Testing Point A (2, √21)

Substitute x = 2 and y = √21 into the equation:

2² + (√21)² = 4 + 21 = 25

Since 25 = 25, Point A (2, √21) lies on the circle.

Testing Point B (2, √23)

Substitute x = 2 and y = √23 into the equation:

2² + (√23)² = 4 + 23 = 27

Since 27 ≠ 25, Point B (2, √23) does not lie on the circle.

Testing Point C (2, 1)

Substitute x = 2 and y = 1 into the equation:

2² + 1² = 4 + 1 = 5

Since 5 ≠ 25, Point C (2, 1) does not lie on the circle.

Testing Point D (2, 3)

Substitute x = 2 and y = 3 into the equation:

2² + 3² = 4 + 9 = 13

Since 13 ≠ 25, Point D (2, 3) does not lie on the circle.

Conclusion: Identifying the Point on the Circle

After testing each point, we found that only Point A (2, √21) satisfies the equation x² + y² = 25. Therefore, Point A (2, √21) is the only point among the given options that lies on the circle centered at the origin with a radius of 5 units.

This problem highlights the importance of understanding the relationship between the equation of a circle and the distance formula. By applying these concepts, we can effectively determine whether a given point lies on a circle or not. This fundamental skill is crucial in various areas of mathematics and physics, particularly in geometry and coordinate systems.

Further Exploration of Circles and the Distance Formula

The concept of circles and the distance formula extends beyond simple point verification.
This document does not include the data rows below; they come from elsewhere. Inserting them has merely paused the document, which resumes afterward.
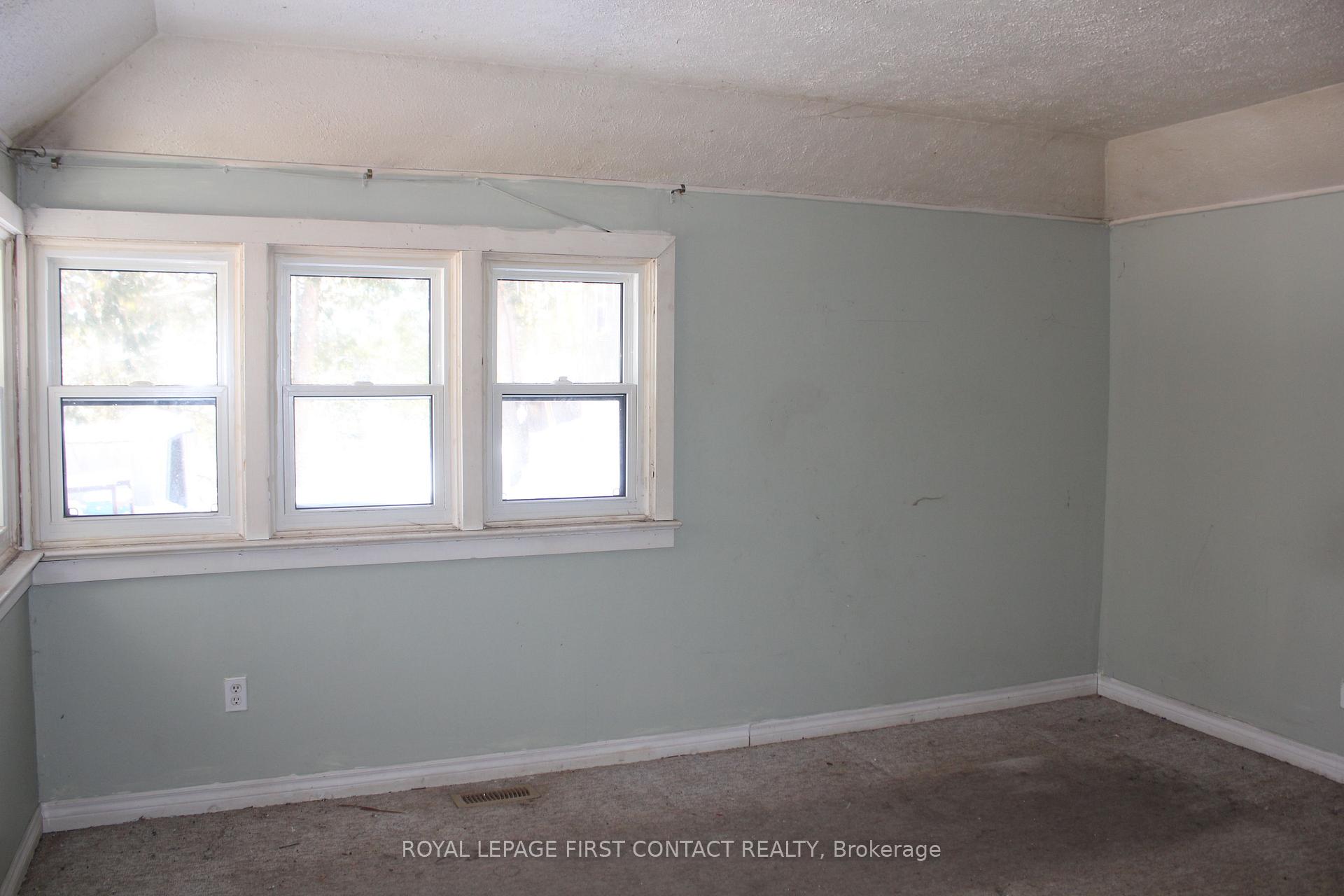 Photo 11 of 47 Riverside Drive, Dysart et al, Dysart — HOMEH
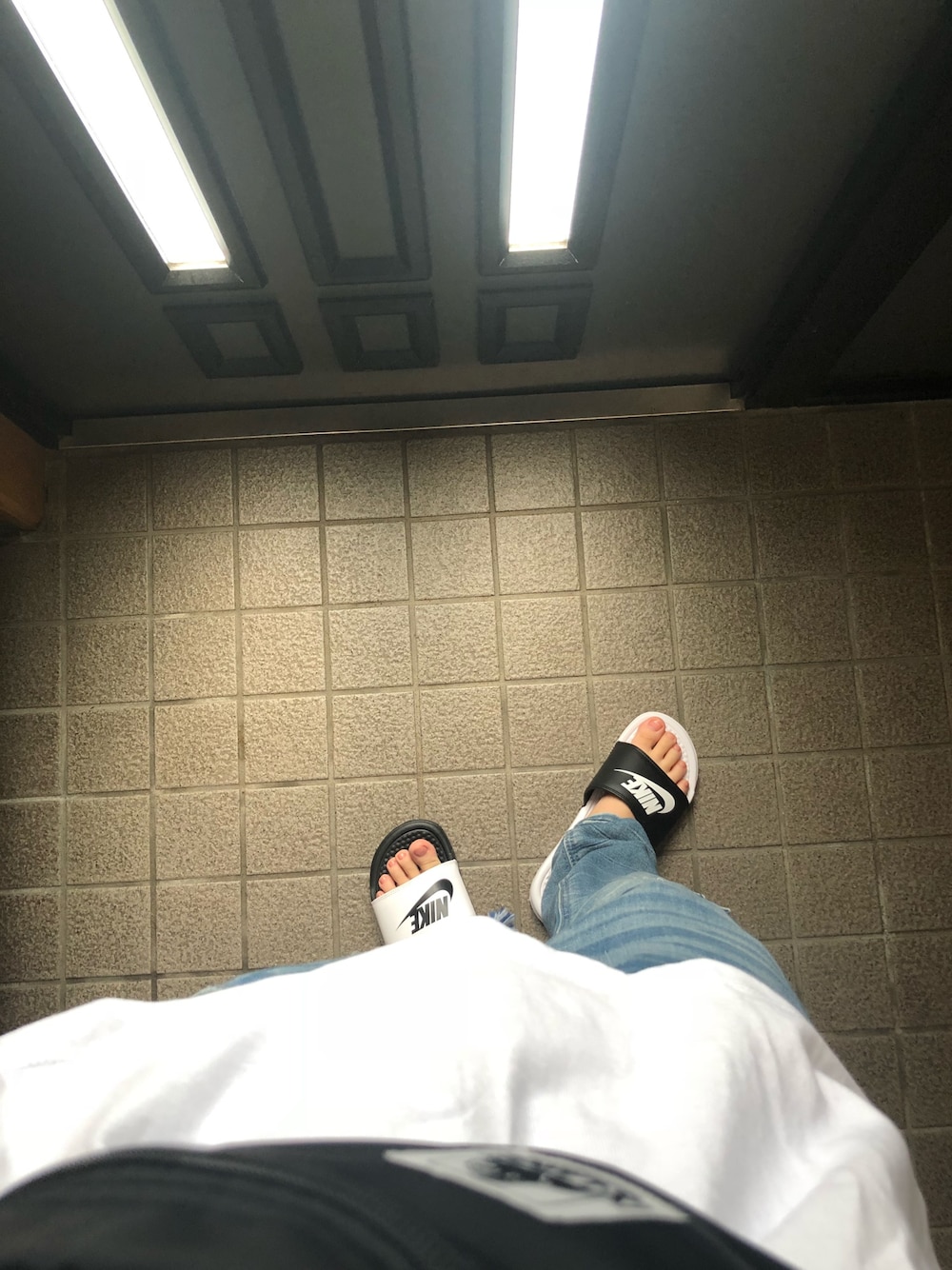 「NIKE、休日スタイル」｜「NIKEのNIKE BENASSI JDI MISMATCH (BLACK/WHITE) 【SP】（サンダル、ブラック系）」を使った、たむちゅーさん（レディース・157cm）の夏コーディネートの1枚目の写真
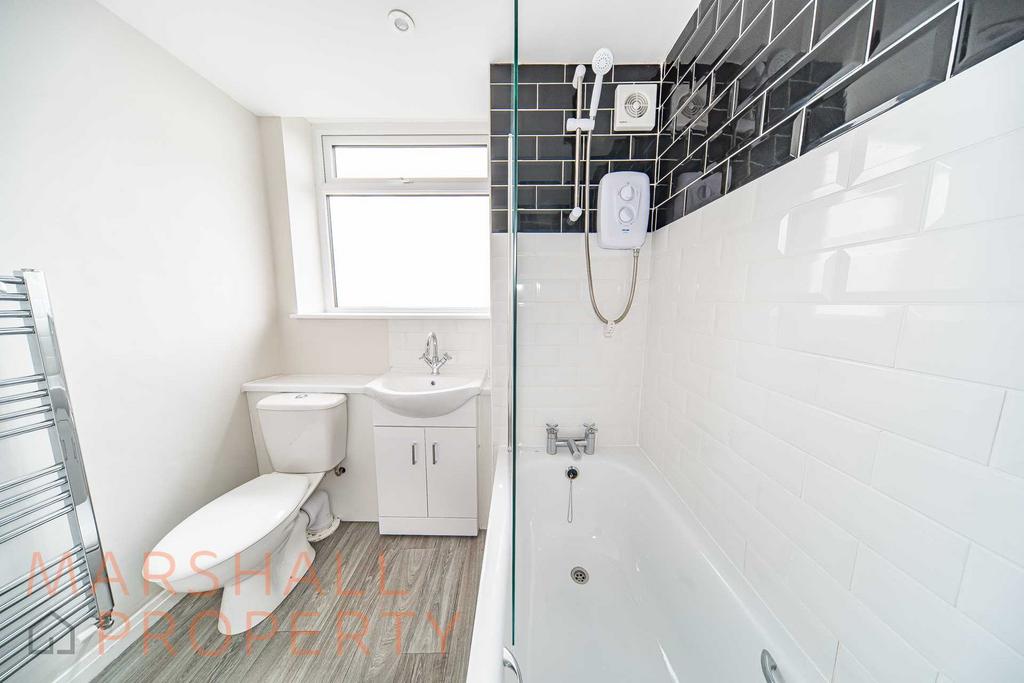 Central Square, Maghull 2 bed apartment £675 pcm (£156 pw)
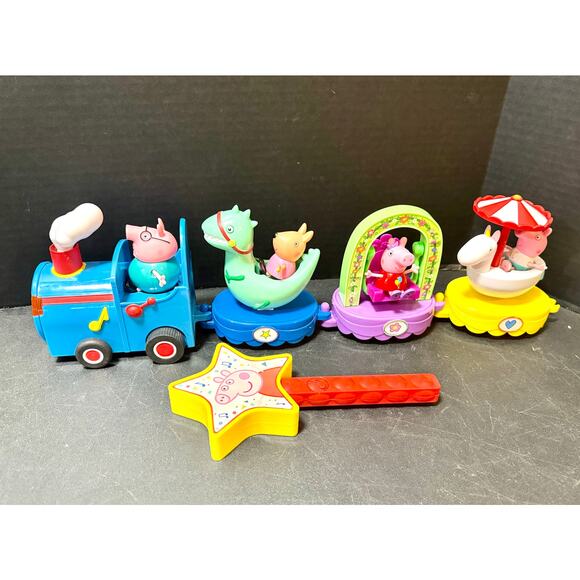 Peppa Pig Peppa's Magical Parade Playset, Magic Wand & 4 Figures sounds & moves - Picture 1 of 8
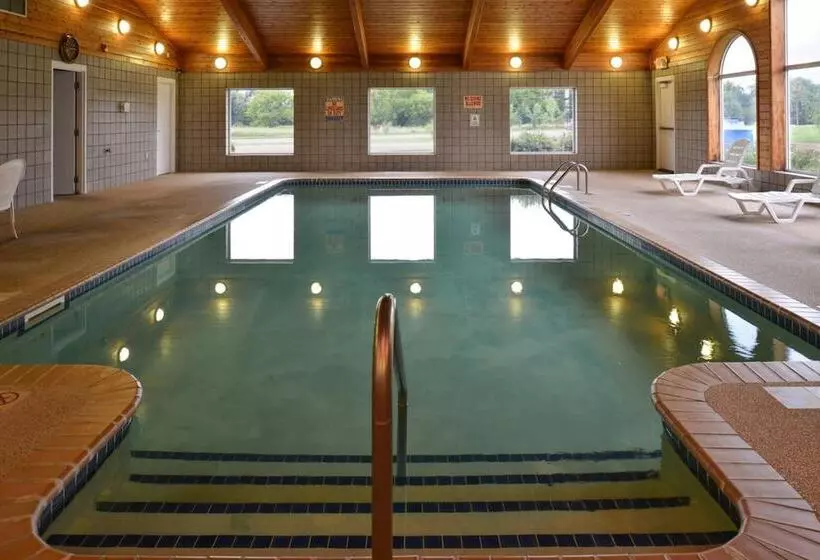 Отель Hometown Inn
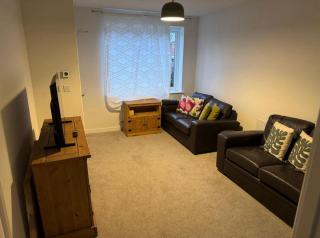 3BR House in Warrington with EV Charger & Garden - 0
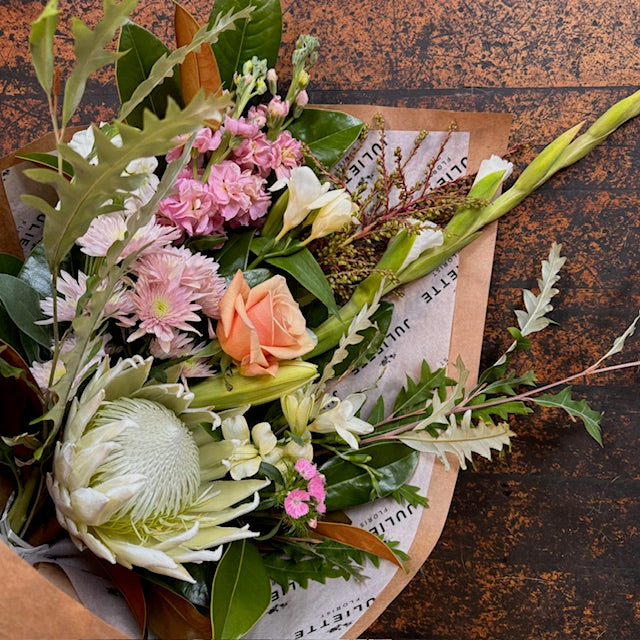 pastel bouquet delivery wellington te aro Lower Hutt Porirua same day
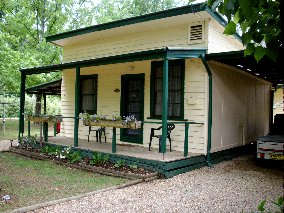 Pioneer Garden Cottages - Accommodation 4U 0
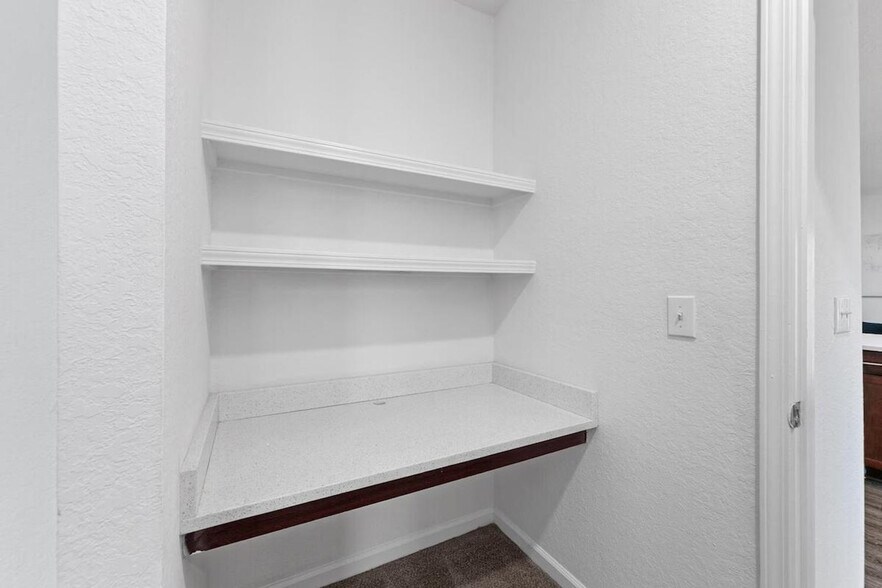 Building Photo - 4850 Seascape Way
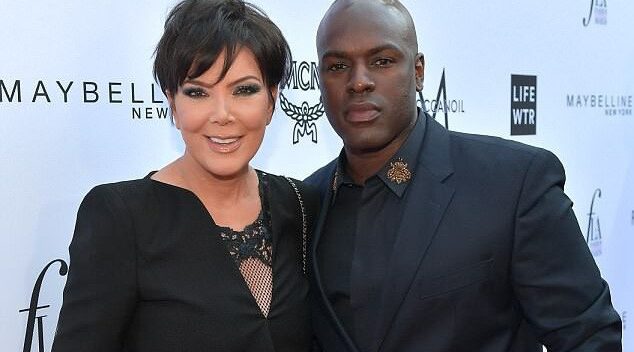 Mẹ cô Kim đẹp đôi bên bạn trai kém 29 tuổi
Understanding these concepts opens doors to more complex problems, such as finding the equation of a circle given certain conditions, determining the intersection points of circles and lines, and exploring geometric transformations involving circles. Further exploration of these topics will deepen your understanding of coordinate geometry and its applications.

Applications in Real-World Scenarios

The principles discussed here have real-world applications in various fields, including:

• Navigation: GPS systems rely on the distance formula to calculate distances between satellites and receivers, determining the receiver's location.
• Computer Graphics: Circles and distances are fundamental in creating and manipulating images and animations.
• Engineering: Designing circular structures, such as arches and domes, requires a thorough understanding of circle geometry.
• Astronomy: Calculating orbits of celestial bodies involves understanding distances and circular paths.

Expanding Your Knowledge

To further expand your knowledge, consider exploring the following topics:

• General Equation of a Circle: Learn about the equation of a circle with a center at any point (h, k).
• Tangents and Secants: Investigate the properties of lines that touch a circle at one point (tangents) or intersect it at two points (secants).
• Conic Sections: Discover how circles relate to other conic sections, such as ellipses, parabolas, and hyperbolas.
• Analytic Geometry: Delve deeper into the connection between algebra and geometry, using algebraic techniques to solve geometric problems.

By mastering these concepts, you'll gain a solid foundation in mathematics and its practical applications. The ability to determine points on a circle, derived from the distance formula, is a cornerstone of geometric understanding and problem-solving.